I very much welcome these initiatives by the Government, as they will help to improve the quality of life of the elderly, who have given so much to our society, and that of the most vulnerable in society. It is absolutely right and proper that we help those who are most vulnerable.
I believe that the Government are right to use one index for uprating additional state pensions, public and private pensions and social security benefits, and that the consumer prices index is a more appropriate measure of changes in the cost of living than the retail prices index. The CPI is the headline measure of inflation in Great Britain, forming the target for the Bank of England’s Monetary Policy Committee. The CPI excludes mortgage interest payments, which are not relevant to the majority of pensioners and benefit recipients. In fact, only 7% of pensioners have a mortgage, and working-age benefit recipients can get help with their housing costs. The methodology used to calculate the CPI takes into account the fact that many people tend to trade down to cheaper goods when prices rise; the RPI does not do that. That comprises a significant portion of the gap between the CPI and the RPI. In terms of population coverage, the RPI excludes the significant group of pensioner households who receive 75% or more of their income from the state; the CPI includes them.
The intention of indexing benefits and pensions is to protect their purchasing power, not to give the highest increase possible. Increases in line with growth in the CPI maintain benefit and pension value and put the system on a more sustainable footing, allowing the Government to focus help where it is needed most.
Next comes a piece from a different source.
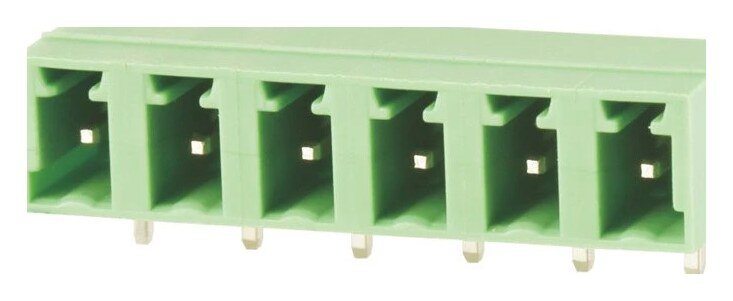 Euro Jack, Female Socket, 2-Position, 5.08mm Pitch, Solder Termination MR-15EDGRC-5.08-02P-14-00A(H)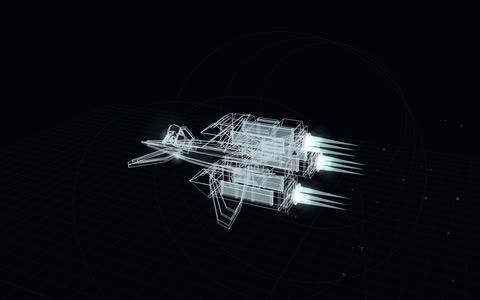 Blade jet aircraft model as a blueprint schematic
If the change to the CPI is such a good move, why are the Government running scared of using it as part of the triple lock for the basic state pension this year and picking another figure out of the air in order, presumably, to make pensioners feel better about what is happening?
The hon. Lady raises an interesting point, which I think was dealt with by the Minister. She refers to pensioners getting the right deal from the triple lock. It is important that we listen to what people in the third sector, not only politicians, say about how this will affect people. I have here a quote from Age UK’s charity director, Michelle Mitchell:
“We are delighted the Government is introducing a ‘triple guarantee’ to raise the basic state pension from April, and also a matching increase for Pension Credit which will help the poorest in later life.”
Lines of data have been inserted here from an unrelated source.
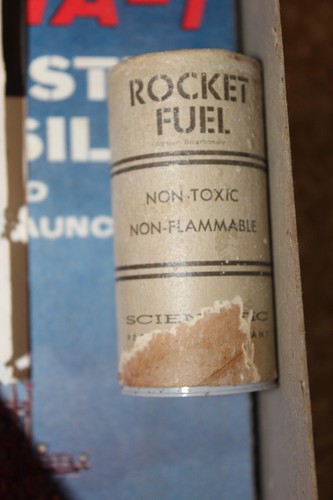 Alpha-1 Ballistic Missile #205 With Original Box Vintage Flying Rocket Toy - Picture 4 of 7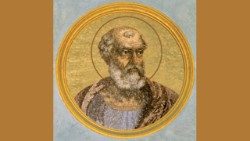 s. Eutiquiano, papa, en el cementerio de Calixto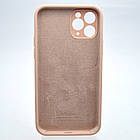 Чохол силіконовий з квадратними бортами Silicon case Full Square для iPhone 11 Pro Pink Sand, фото 5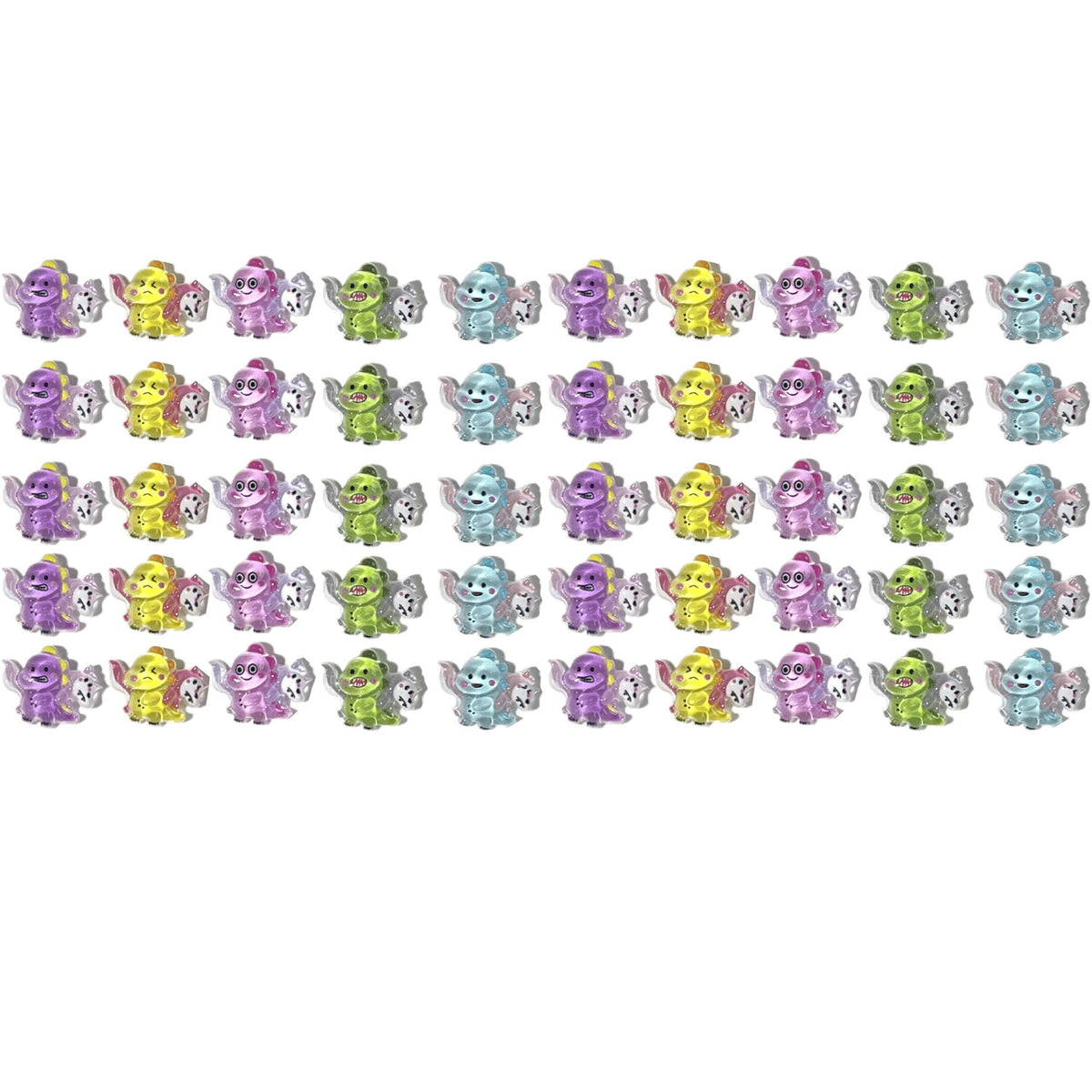 20-100pcs Dinosaur Carry Wolf Charms Nail Art Jewelry Mini Resin Accessories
I take my hon. Friend’s point entirely. Does he agree that one of the profound advantages of the triple lock is that we will not have the deplorable situation of a few years ago under the previous Government, when pensions were uprated by 50p? There are real advantages to the triple lock: it means that people can be sure that they will have a decent minimum rise.
The hon. Gentleman raises a good and pertinent point. He said 50p, but to be fair to the Opposition, I think that it was 75p. Even so, it was totally unacceptable. If we link that to other things that happened to pensioners and the elderly—for example, the closure of so many post offices that were a lifeline for them—it is clear that the overall package under the previous Government was completely unacceptable. This measure goes a long way towards improving their quality of life.
It is estimated that the average person retiring on a full basic state pension in 2011 will receive £15,000 more in basic state pension income, and that can only be a good thing. In the light of what I have described, it is absolutely right and proper. I fully support the move to the CPI and the wider package that the Government are putting forward.
Looking at the time and applying the principle that brevity is a virtue, not a vice, I will end my remarks.